The House Ways and Means Committee voted early Wednesday to advance a nearly 400-page tax bill that includes many of President Donald Trump’s policy priorities, including an increase in the lifetime estate tax exemption to $15 million and a permanent extension of the current income tax brackets.

Also included in the bill are two provisions that are of consequence to financial advisors with small-business owner clients. One would reinstate the 100% bonus depreciation policy that was created by the 2017 tax overhaul known as the Tax Cuts and Jobs Act, and the other would increase and make permanent the qualified business income deduction.

Writing about the development on X, the financial planning expert Jeff Levine noted that the bonus depreciation policy is important, but it’s not a “permanent fix.” That is, the legislation would only extend 100% bonus depreciation through 2029, and the same is true for related provisions that would allow for the full expensing of research and experimental costs.

Also notable is a provision to allow 100% deductibility of the cost of certain new factory developments and existing facility updates, set to sunset in 2028.

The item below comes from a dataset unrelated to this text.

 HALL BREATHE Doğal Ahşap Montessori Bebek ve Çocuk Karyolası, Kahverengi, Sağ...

Despite the limited timeframe, Levine said, these developments are a “BIG deal,” especially for advisory clients who are real estate professionals or manufacturers.

100% Bonus Depreciation

As ThinkAdvisor has previously reported, bonus depreciation is an additional amount of first-year depreciation that businesses can take on the purchase of qualifying business equipment. The Tax Cuts and Jobs Act expanded the types of equipment on which additional depreciation could be taken to include not only new equipment but some used equipment as well.

Qualified property eligible for bonus depreciation generally includes depreciable assets with a recovery period of 20 years or less, such as vehicles, furniture, manufacturing equipment and heavy machinery. The list also includes computer software, water utility property, and qualified film, television or live theatrical productions.

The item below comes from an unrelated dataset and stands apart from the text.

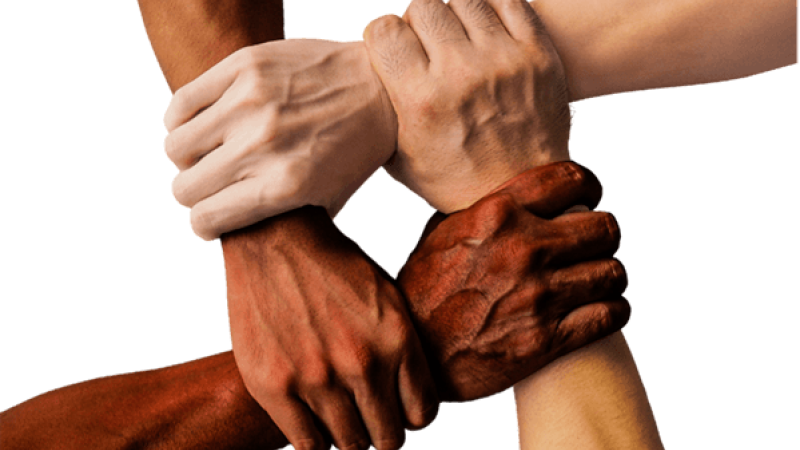 People of multiple races holding arms.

In many cases, the TCJA allowed for 100% bonus depreciation, but it also set time limits on the policy, such that equipment purchases placed in service between Sept. 27, 2017, and Jan. 1, 2023, were eligible. Beginning in 2023, the amount of bonus depreciation started to decrease by 20% each year — effectively phasing it out in full beginning in 2027.

A new analysis published by the center-right American Action Forum puts the price tag of extending 100% bonus depreciation through 2029 at $37 billion. The policy allowing full expensing of research and experimental costs through 2029 would cost another $23 billion, the policy institute reports.

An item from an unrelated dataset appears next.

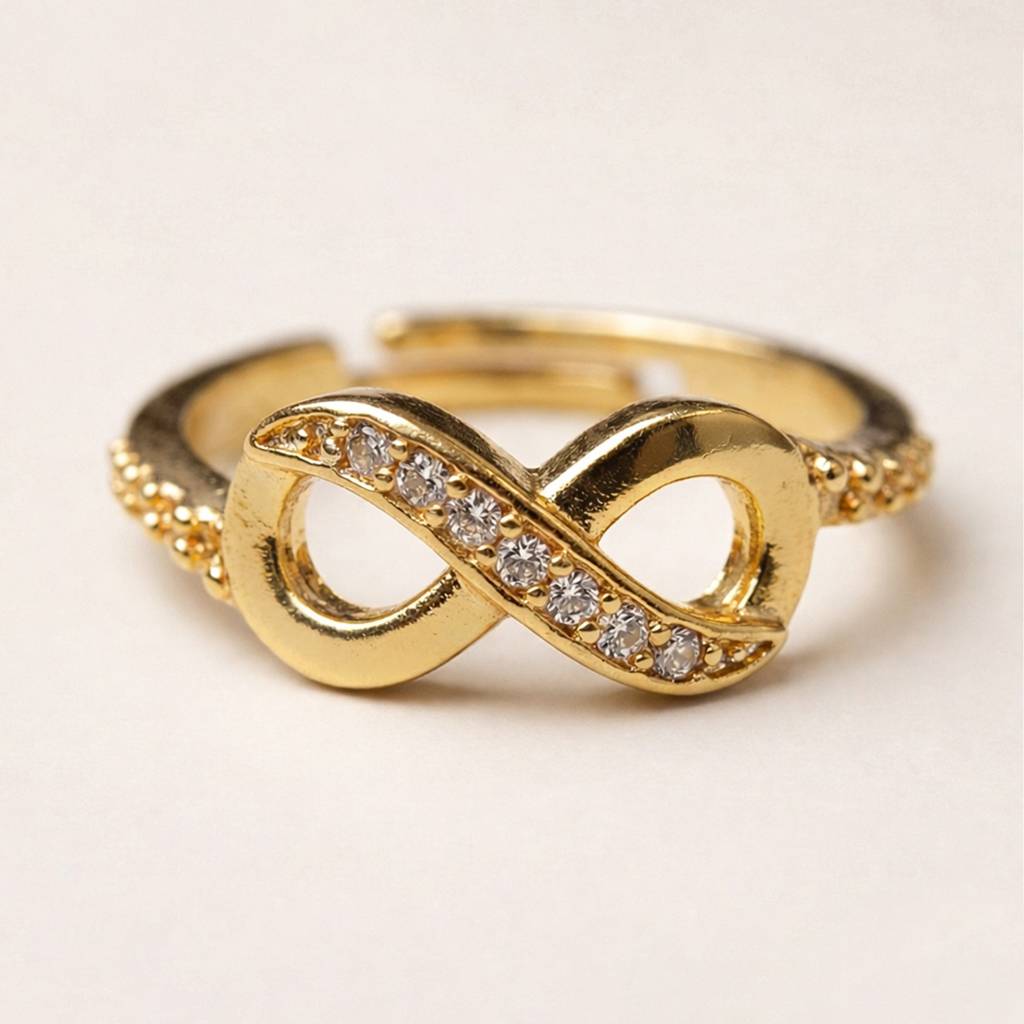 Gold-Plated Golden Infinity Knot Anti-Tarnish Ring : HSPS60MB1520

Qualified Business Income Deduction

As noted, the House tax proposal seeks to make Section 199A deductions for qualified business income (QBI) both permanent and more generous — increasing the potential deduction to 23% from 20%.

The 2017 tax reform legislation has allowed pass-through entities (such as partnerships, S corporations and sole proprietorships) to deduct 20% of qualified business income. Like many TCJA provisions, the rules are set to expire at the end of this year.

Importantly, “service businesses” (including attorneys, accountants, doctors, financial advisors, and certain other service-related professionals) are currently not entitled to the full 20% deduction if the business owner's taxable income exceeds certain threshold amounts.

Extending the QBI deduction and increasing the maximum from 20% to 23% will cost some $820 billion, according to the AAF report.

Brackets and the Alternative Minimum Tax

The current tax bill would maintain the individual Alternative Minimum Tax (AMT) but make permanent the TCJA’s increase in the AMT exemption and the income levels at which the exemption phases out.

On the individual side, as described in the AAF report, the bill would make permanent the currently reduced individual income tax rate structure of 10%, 12%, 22%, 24%, 32%, 35% and 37%. It would maintain the use of the chained consumer price index for the annual cost-of-living adjustment (COLA), though it would add an additional year of inflation into the calculation of the COLA.

Further, the bill would make the TCJA’s increased standard deduction permanent and maintain the use of the chained CPI for the annual COLA. For tax years 2025 to 2028, the bill would increase the standard deduction by an additional $1,000 for individuals, $1,500 for heads of households, and $2,000 for couples.

A Big Deal for Advisors?

Responding to a request for comment from ThinkAdvisor, Matthew Chancey, a tax specialist certified financial planner and author, said the extension of the 100% bonus depreciation and QBI policies is a significant development for clients — but not one he expects will have a big impact on most advisors’ practices.

“Are they good for business owner clients? Yes,” Chancey said. “But it will primarily [affect] clients that are already doing things in their business to benefit from [these policies] and not advisors bringing ideas to their clients attention as opportunities to do things differently in a more tax smart way.”